© Ministry of Culture and Sports
Front view of the National Archaeological Museum
The National Archaeological Museum was founded at the end of the nineteenth century to house and safeguard antiquities from all over Greece and to promote their historical, academic and artistic value to the world. The first Greek archaeological museum was established in 1829 by Prime Minister I. Kapodistrias and housed in the Aigina Orphanage. However, the transfer of the nation's capital from Nauplion to Athens and the increasing number of archaeological discoveries during the subsequent decades necessitated the creation of a purpose built archaeological museum in the new capital. Several plans and locations were proposed by Greek and foreign architects who were working on the reconstruction of Athens. The plans of L. Lange and P. Kalkos were approved and the museum was built on a plot donated by Eleni Tositsa. E. Ziller did the final landscaping. The Greek state, the Archaeological Society and Nikolaos Vernardakis, a wealthy expatriate in Russia, financed the project. The core of the building was completed in 1889; the east wing was added in 1903-1906, and architect G. Nomikos appended a two-storey annex on the east side of the main building in 1932-1939.

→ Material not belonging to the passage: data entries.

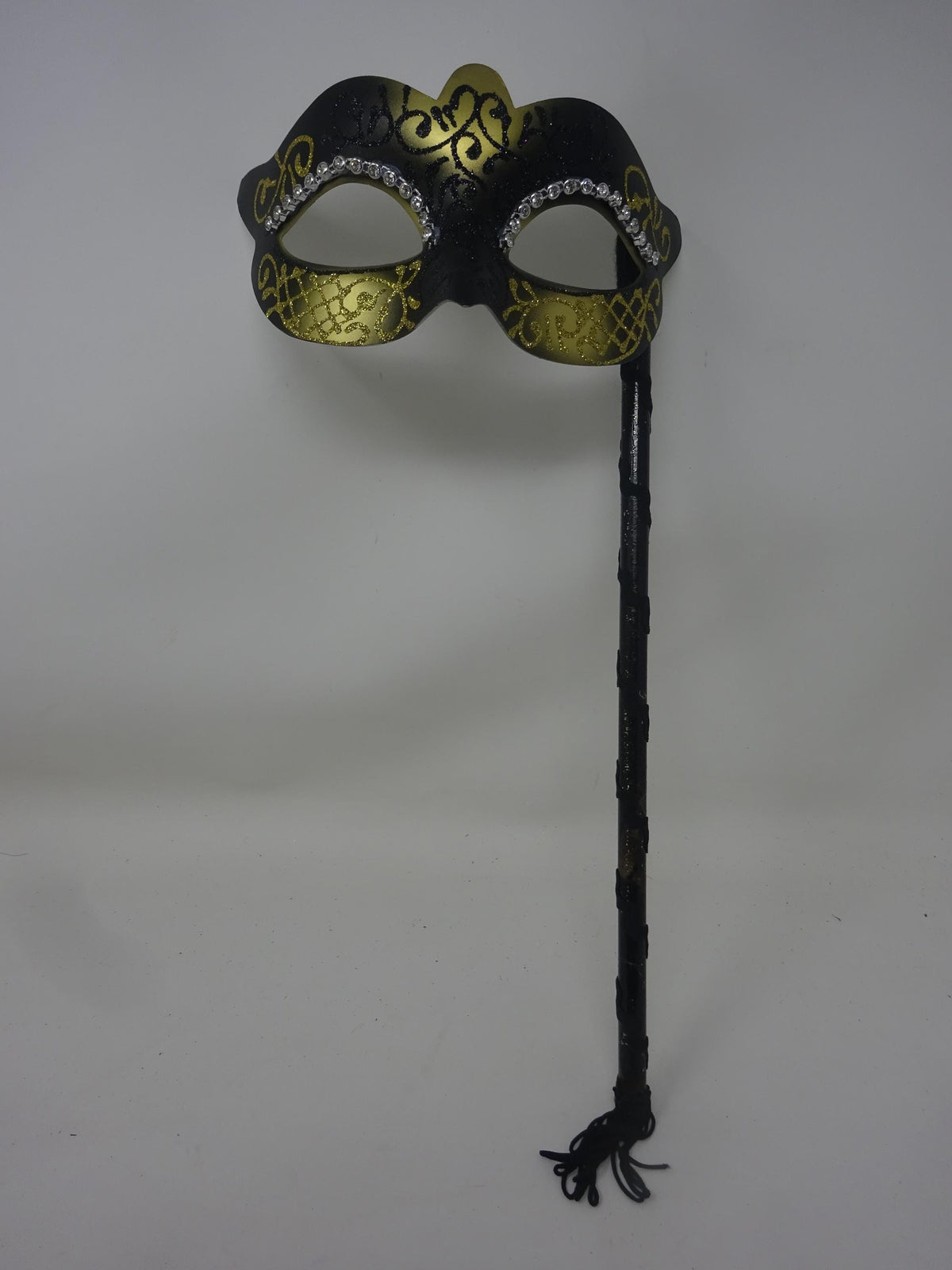Hand Held Ladies Jewelled Glittering Black and Gold Masquerade Prom Party Ball Carnival Mask on a Stick
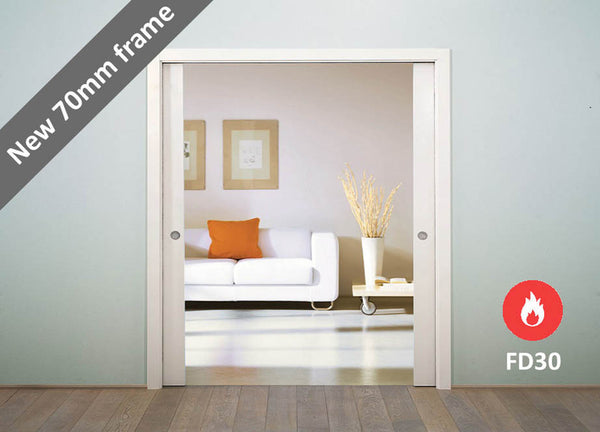Eclisse Classic Fire Rated Double Pocket Door System - 762+762x1981mm - 120mm Wall Thickness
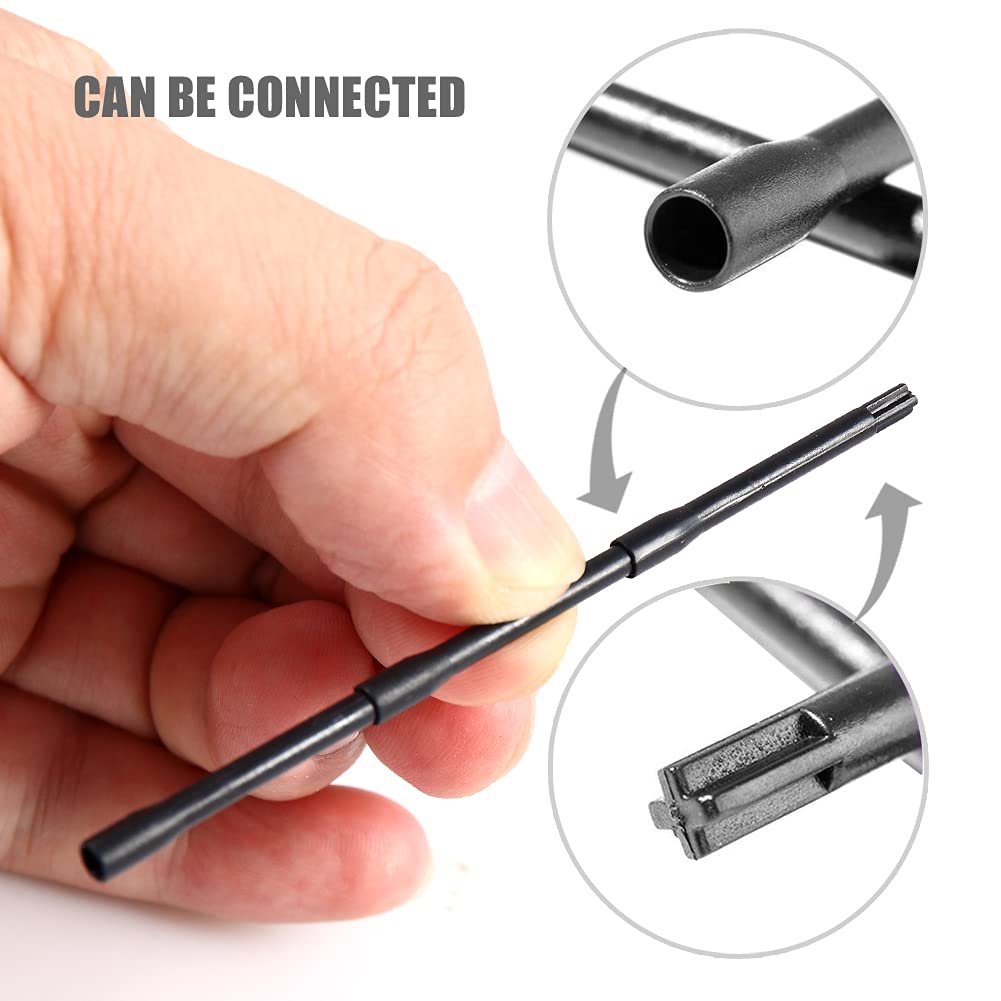 Bysiter connecting two mixing sticks to reach deep containers for extended reach benefit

The transfer of antiquities to the museum began in 1874, after the completion of the west wing and during the construction of the central core. The most important finds from Greece had already been transferred to the museum by the time the main building was completed in 1889. The antiquities of the Archaeological Society were handed over by 1893. The collections were also enriched by important donations at this time, such as that of the Egyptian Collection of Ioannis Dimitriou in 1890.

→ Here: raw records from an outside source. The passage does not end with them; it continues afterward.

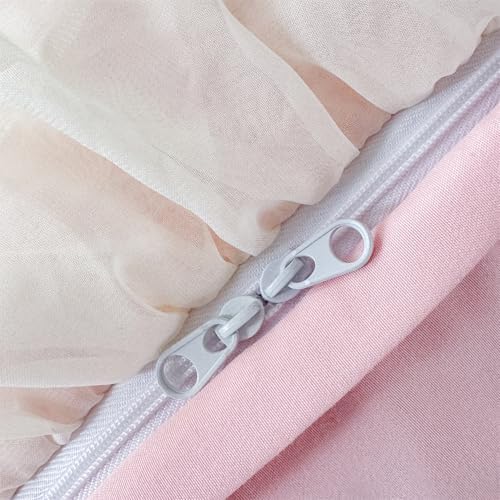 Ruffle Beddding Set with Bowtie,Chic Lace Bedding,Girls Twin Aesthetic Comforter Cover Set,Romantic French Princess Style Ruffled Duvet Cover with Lovely Bow with Zipper Closure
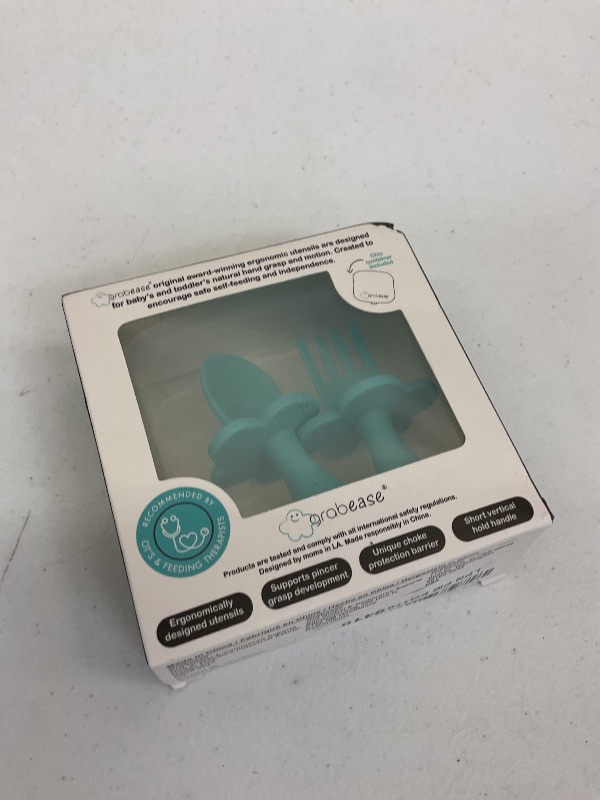 Photo 1 of Grabease Baby Feeding Utensils - Anti-Choke Collar & Toddler Fork for Ages 1-3 - Easy-Grip Curved Handle Infant Spoon - Dishwasher-Safe Convenience & Baby Cutlery - Teal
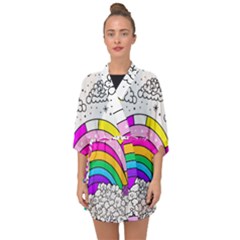 Rainbow Fun Cute Minimal Doodle Drawing Art Half Sleeve Chiffon Kimono by Ravend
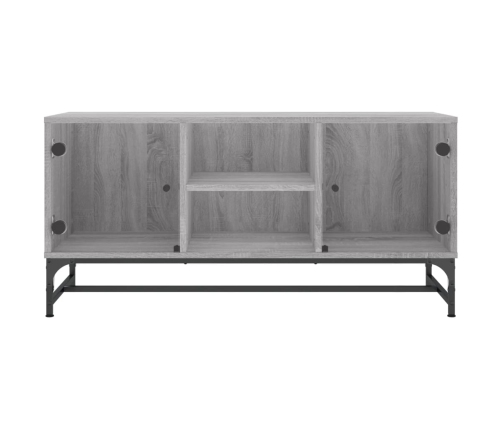 Mueble de TV con puertas de vidrio gris Sonoma 102x37x50 cm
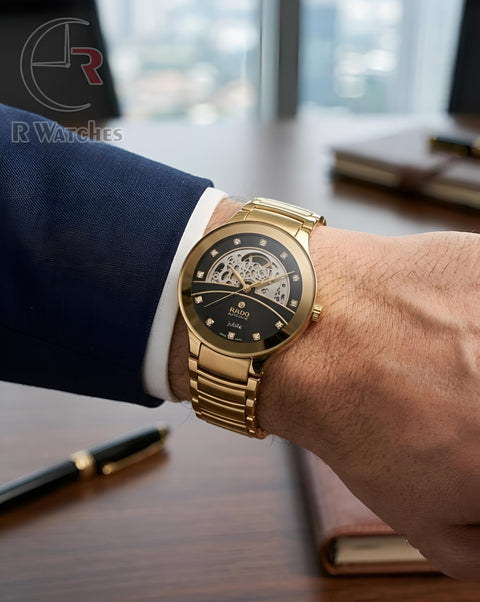 (OS3)📷⭐ Rado Gold Black Dial (RDP52)
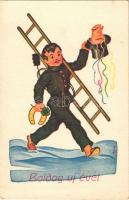Boldog Újévet! / New Year greeting art postcard, chimney sweeper with pig and horseshoe s: Gyulai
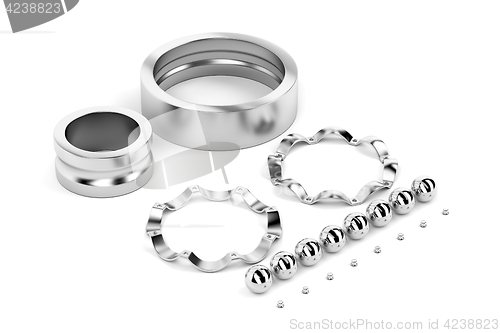 Image of Disassembled ball bearing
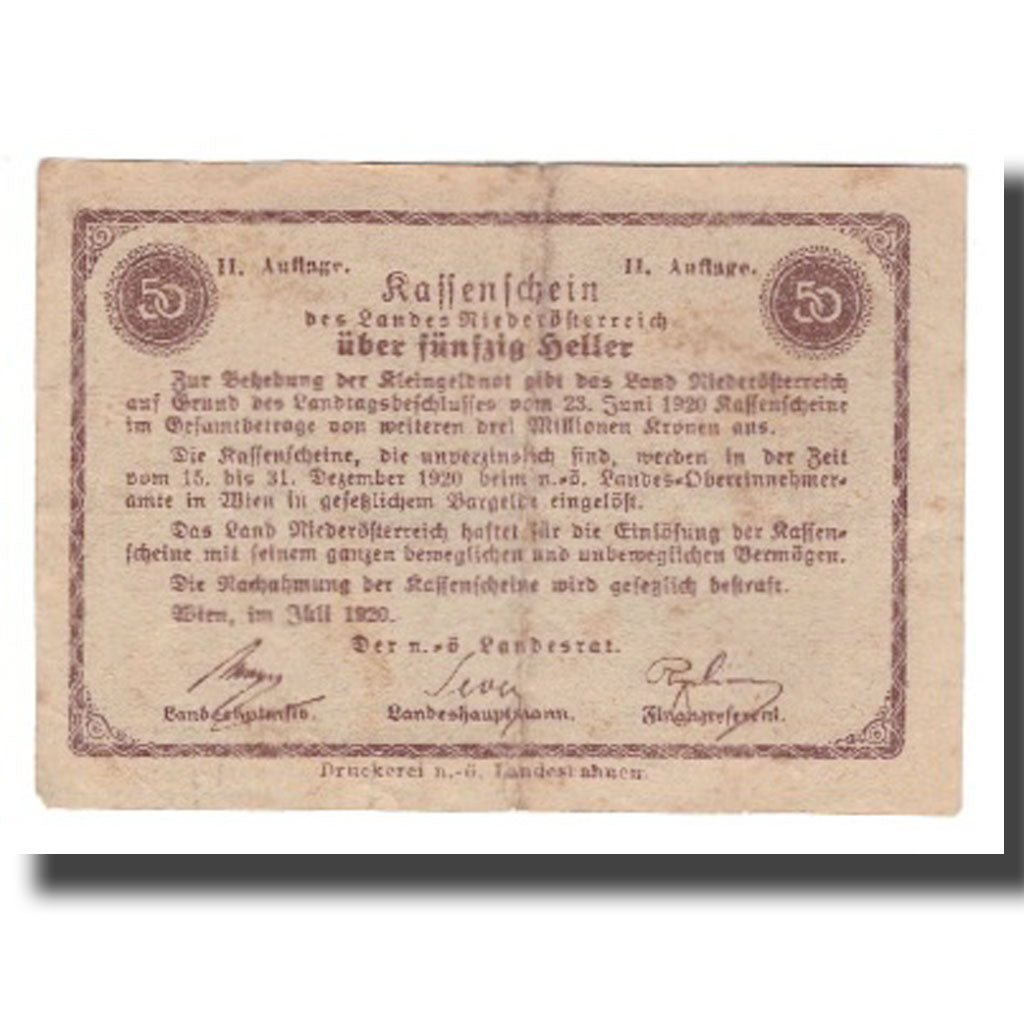 Banconote, Austria, Niederösterreich N.Ö. Land, 50 Heller, Texte, 1920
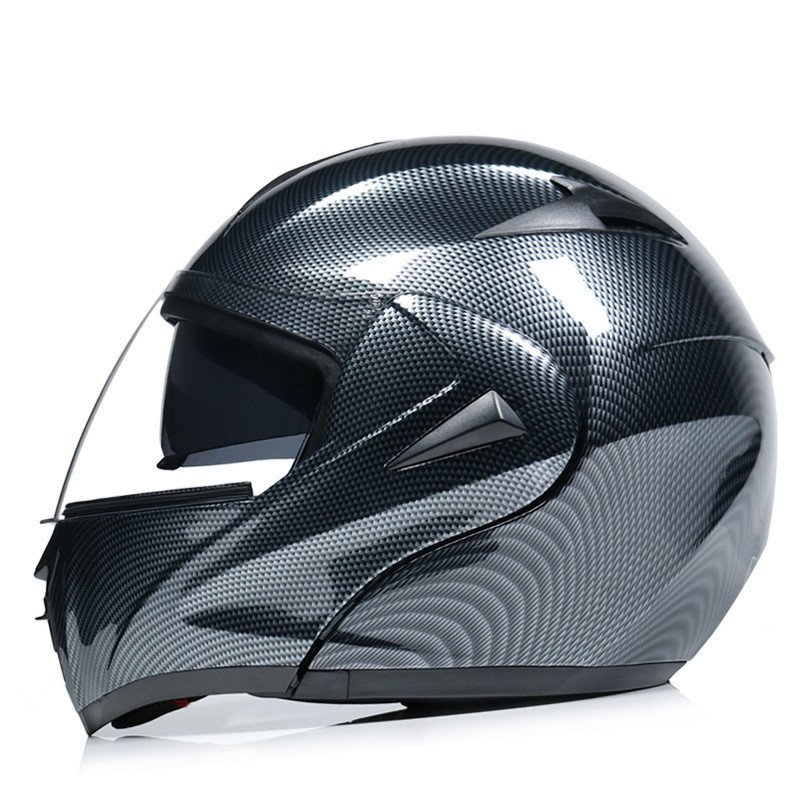 1617670904255-5.jpg Motorcycle Uncovered Helmet Carbon Fiber Double Mirror Electric Bike Helmet Men and Women - Image 1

The National Archaeological Museum was founded by presidential decree on August 9, 1893 (Greek Government Journal I, 152, 'On the organization of the National Archaeological Museum'). Its purpose was 'the study and teaching of the science of archaeology, the propagation of archaeological knowledge and the cultivation of a love for the Fine Arts'. Its collections were segregated into: Sculpture, Vases, Clay and Bronze Figurines and other Ancient Figurines made of various materials, Inscriptions, which later went to the Epigraphic Museum, Pre-Hellenic (the Mycenaean collection), and Egyptian. The museum was also equipped with conservation laboratories and a cast workshop.

With the declaration of the Second World War in 1939, the museum's antiquities were stored for safety in the museum itself, the vaults in the Bank of Greece and in natural grottos. At the end of the war, the museum's director Christos Karouzos undertook the re-exposition of the exhibits and the architect P. Karantinos remodeled the exhibition spaces. During that time the temporary display was limited to ten rooms of the east wing. Christos and Semni Karouzou completed the re-exposition in 1964, having created an exemplary display of the development of ancient Greek art from prehistory to the Roman period. The unique Greek collection of Egyptian antiquities was exhibited for the first time thirty years later, in 1994.